Wohlstand ist größerer Faktor
Zusammengefasst zeigt sich, dass das Stadtleben zwar aufgrund kleinerer Wohnungen, effizienterer Infrastruktur und gut ausgebauter Öffis tendenziell klimafreundlicher ist als das Leben auf dem Land. Doch die Realität ist komplexer.
Denn mehr noch als Stadt/Land entscheidet arm/reich. Wie viel Geld jemand hat, hat einen riesigen Einfluss auf den individuellen CO₂-Fußabdruck. Menschen mit hohem Haushaltseinkommen wohnen tendenziell auf größeren Flächen, unabhängig davon, ob sie in der Stadt oder auf dem Land leben.
Eine Studie aus dem Jahr 2023 zeigt, dass das reichste Einkommenszehntel in Österreich etwa 12 Mal so viel CO₂ ausstößt wie das ärmste Zehntel.

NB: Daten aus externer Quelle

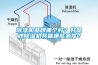 除濕機(jī)品牌哪個(gè)好？好品牌除濕機(jī)具備哪些條件？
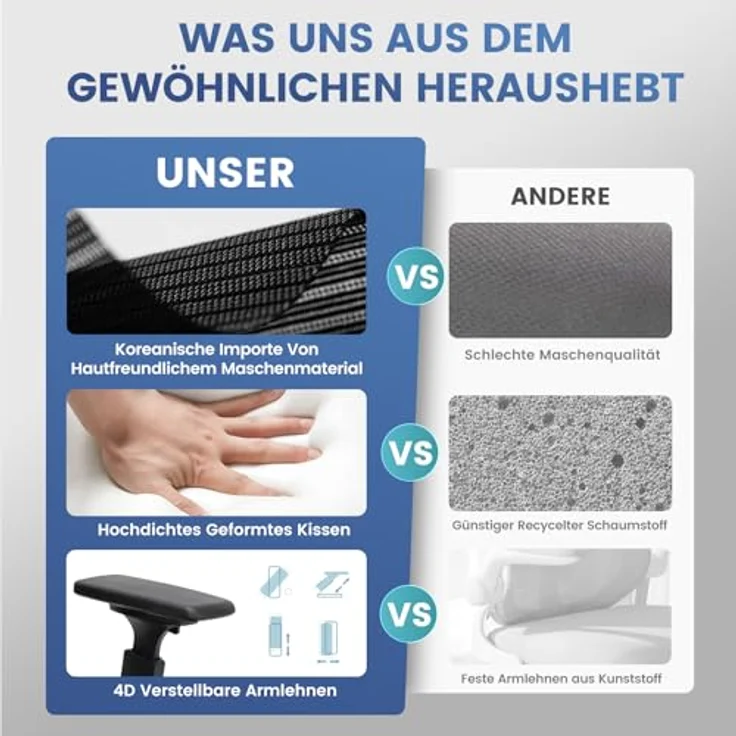 COLAMY XK01 Atlas Ergonomischer Bürostuhl, Netz-Chefsessel mit verstellbarem Kopfstütze, Computer Schreibtischstuhl Drehstuhl mit 4D-Armlehnen, Nylonbasis/Schiebesitz/Neigungssperre, Schwarz – Bild 9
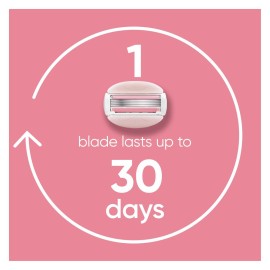 Gillette Venus ComfortGlide White Tea Women\'s Razor - 1 Handle + 2 Refills Gillette Venus ComfortGlide White Tea Women\'s Razor - 1 Handle + 2 Refills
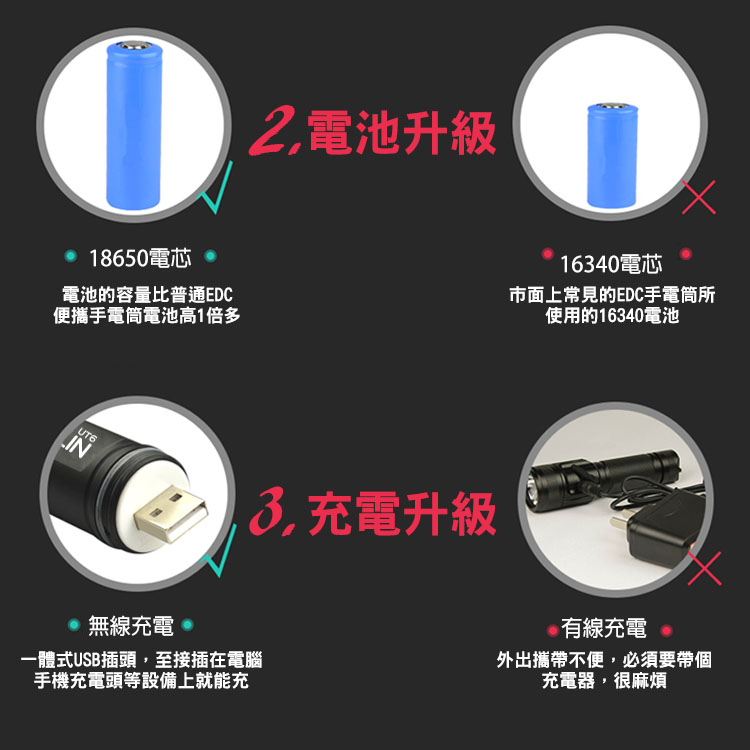 [HANLIN]-UT6 隨身迷你T6強光手電筒-伸縮變焦(USB直充)#現貨 鋁合金 伸縮變焦 USB 免電池 露營(紅色), , large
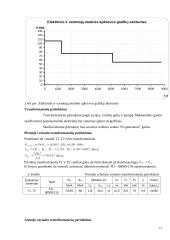 Termofikacinės elektrinės elektrinė dalis 12 puslapis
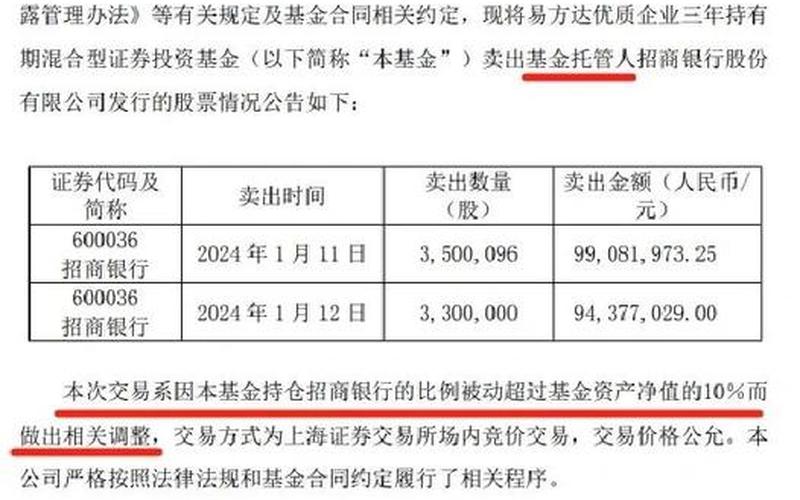 招行股票配资行情分析-第1张图片-金银屋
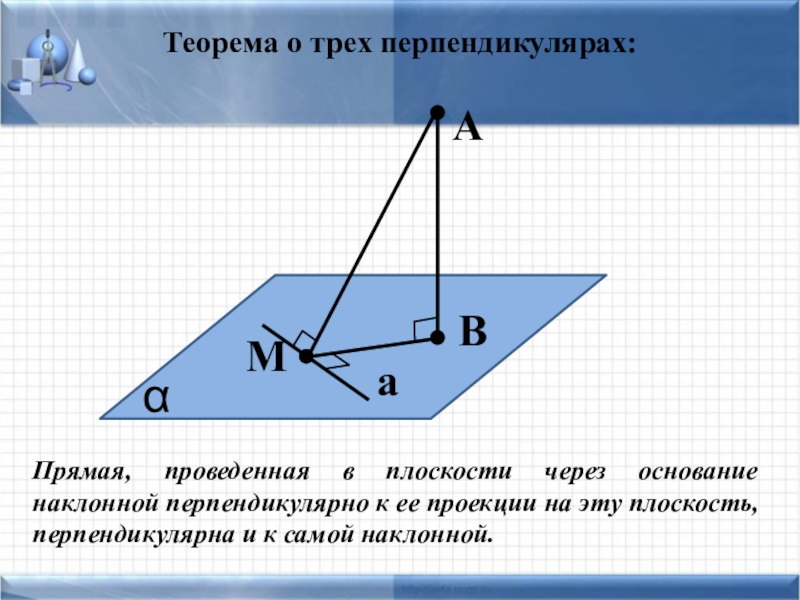 Определение перпендикуляра к плоскости наклонной и проекции наклонной на плоскость рисунок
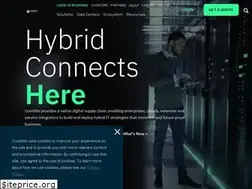 Sites similar to coresite.com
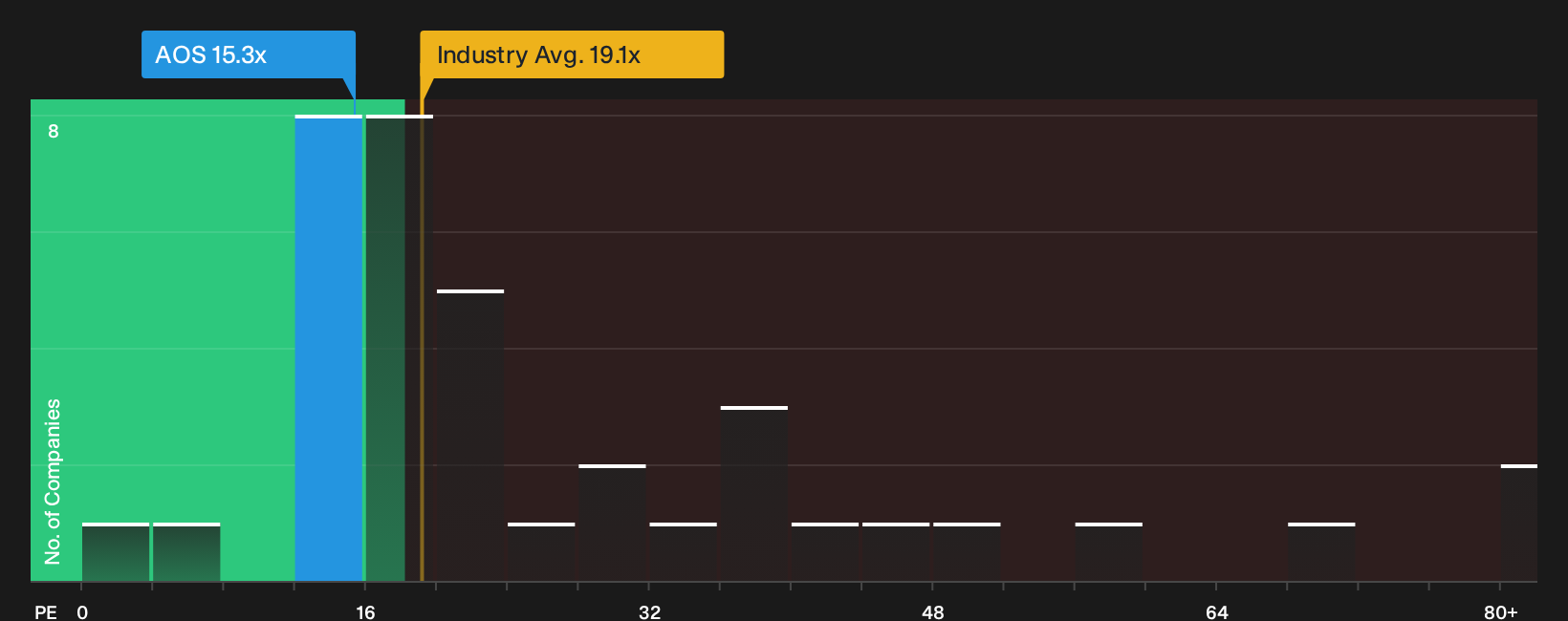 NYSE:AOS P/E Ratio as at Oct 2026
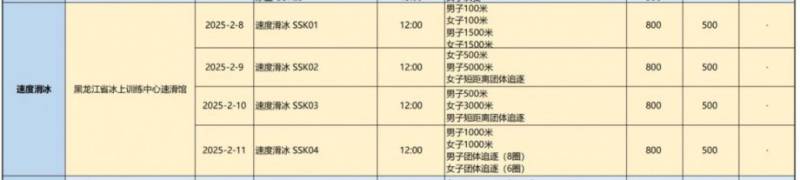 2025哈尔滨亚冬会速度滑冰比赛时间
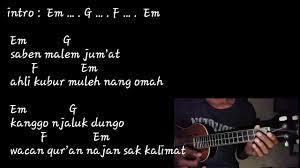 Saben Malam Jumat Lagu Jawa Chord Gitar Youtube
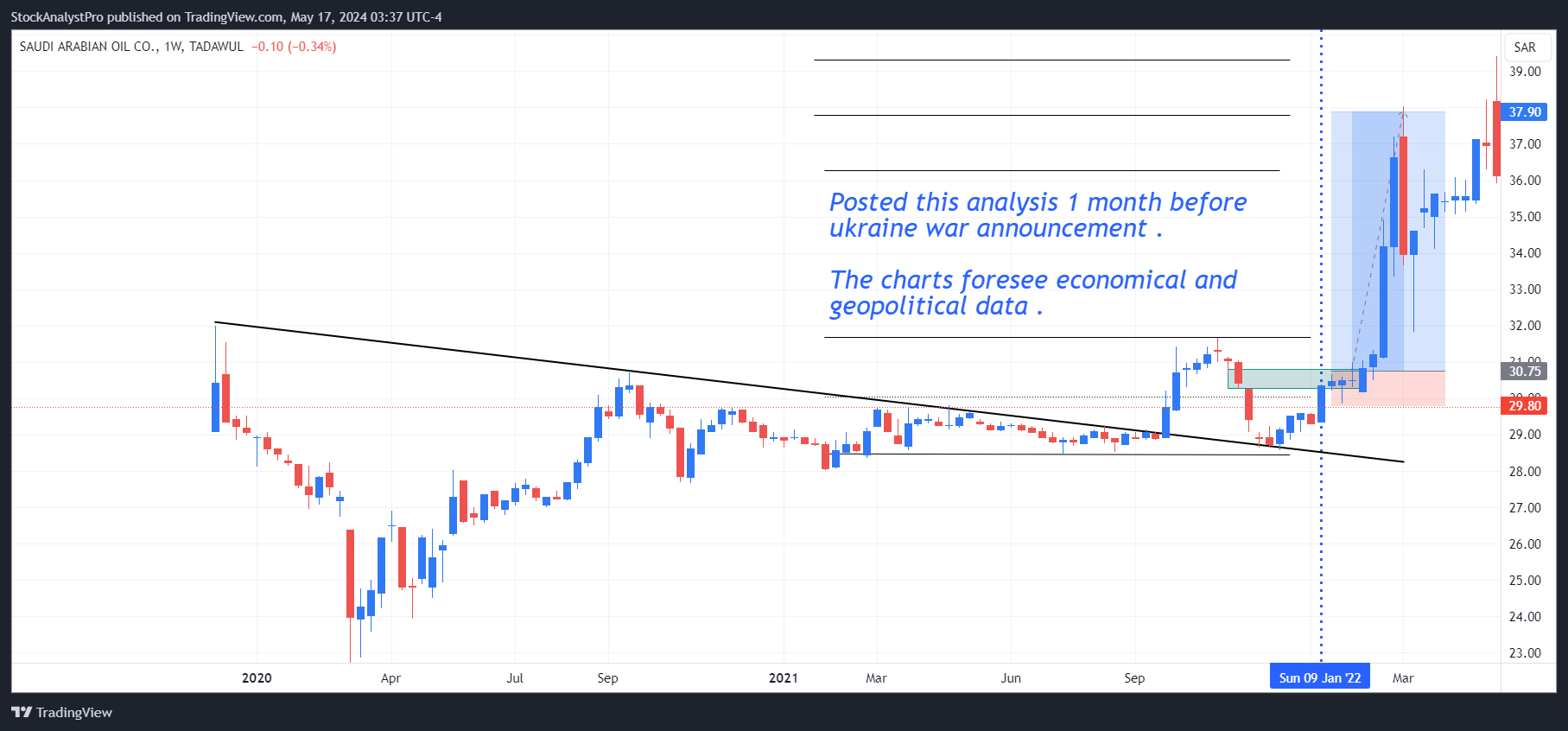 TADAWUL_DLY:2222 Chart Image by StockAnalystPro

Wohlhabende Städter:innen besitzen oft trotz gut ausgebauter Öffis ein eigenes Auto. Nicht selten mehrere und welche mit hoher Leistung. Der Lebensstil, der mit höherem Einkommen einhergeht, wie häufiges Fliegen, der Konsum von Luxusgütern oder der Betrieb von Zweitwohnsitzen, treibt die Emissionen zusätzlich in die Höhe. Damit wird deutlich: Der Treiber von Emissionen ist unser Konsumverhalten. Und das hängt zwar auch mit unserem Wohnort, aber noch deutlich mehr mit unserem Einkommen zusammen.
Um das Klima zu schützen, müssen wir sowohl den urbanen als auch den ländlichen Raum nachhaltiger machen und gleichzeitig den Fokus auf gerechten Wohlstand und reduzierten Konsum legen. Denn egal, ob Stadt, Land oder Speckgürtel: Ein Leben im Einklang mit Klima und Umwelt ist für uns alle möglich.